Fiorentina steak and more. There are many cuts (from tagliata to tripe, to cuts considered less ‘noble’) that we can eat in restaurants and trattorias in San Quirico and Bagno Vignoni and buy in butcher shops.
The queen meat of this part of Tuscany is the Chianina, partly because we are just a stone’s throw from the homeland of this prized breed of cattle, and in the Val d’Orcia itself there is no shortage of Chianina breed farms whose meat makes its way directly to our tables. But, of course, quality meat from other non-native breeds can also be found.
Among the protected cattle breeds of the Vitellone Bianco dell’Appennino Centrale IGP (Protected Geographical Indication), the Chianina is the one that boasts the most noble and established image, thanks to the fame it has been able to win with the gastronomic myth of the “Florentine” steak.
Derived, according to some, from the Bos Primigenius (the one depicted in prehistoric cave graffiti) of which it still retains traces in the ancient “rump,” the Chianino ox was highly prized even by the Etruscans and Romans, who used it in triumphal processions, choosing it among other cattle for its characteristic porcelain-white coat.
Other somatic features that make the cattle easily recognizable are the pigmentation of the muzzle and tongue, the light and elegant head with short horns, the long and cylindrical trunk with wide back and loins, and longer limbs than other breeds. After more than 22 centuries, Chianina cattle continue to be raised in the middle Tiber Valley and the Sienese and Arezzo Chiana valleys. The PGI protection obtained with the label “Vitellone bianco dell’appennino centrale” guarantees the quality of the productions, the traceability of the meat from birth to slaughter, following each bovine to the distribution stage to guarantee the consumer.

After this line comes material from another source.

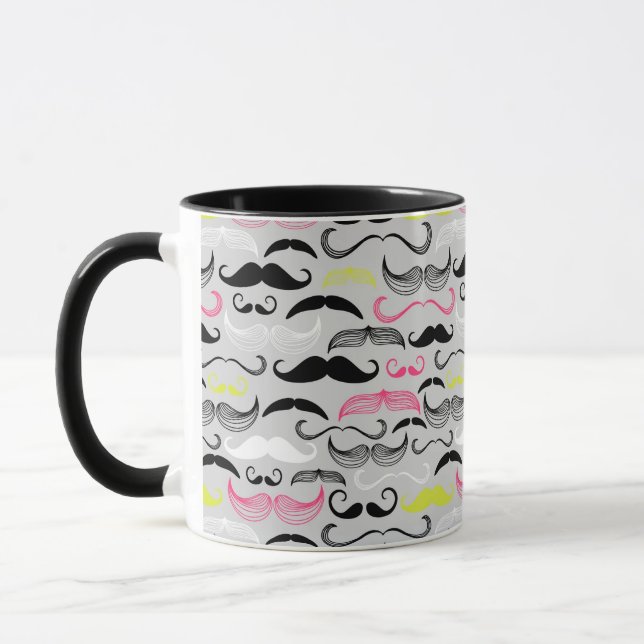 Moustache pattern, retro style mug (Left)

Igp Chianino veal meat can be recognized by its bright red color, fine texture, firmness and elasticity to the touch. Small fat infiltrations (white or slightly whitish) furrowing the muscle mass are characteristic, and the outer thickness of fat covers the surface of the back and loins. In terms of fat content, Chianina meat has average values of 2 percent, a lower percentage than other breeds, from which it also differs in its high iron content.